EXERCISE DIRECTIONS -> An exact copy of all the data, minus the images, is required.

DATA EXTRACT ->

::::

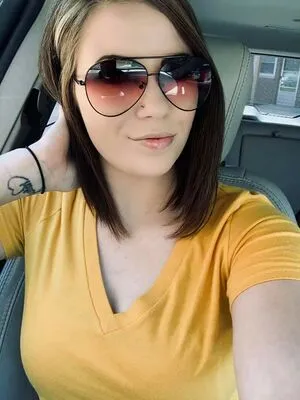 Skylynn Greene OnlyFans Leaked Free Thumbnail Picture - #M4xDb72c16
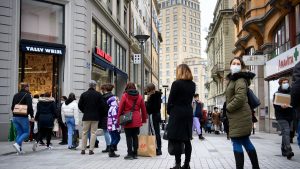 أكثر من 300 مليار دولار على السلع الفاخرة.. هكذا ينفق أغنى أغنياء العالم أموالهم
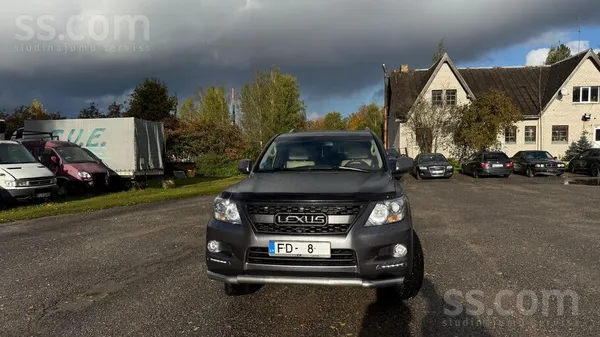 Lexus Pardod Lx570, ļoti labā stāvoklī. Aplīmēts ar pusm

::::

ANSWER BELOW ->
 Skylynn Greene OnlyFans Leaked Free Thumbnail Picture - #M4xDb72c16
 أكثر من 300 مليار دولار على السلع الفاخرة.. هكذا ينفق أغنى أغنياء العالم أموالهم
 Lexus Pardod Lx570, ļoti labā stāvoklī. Aplīmēts ar pusm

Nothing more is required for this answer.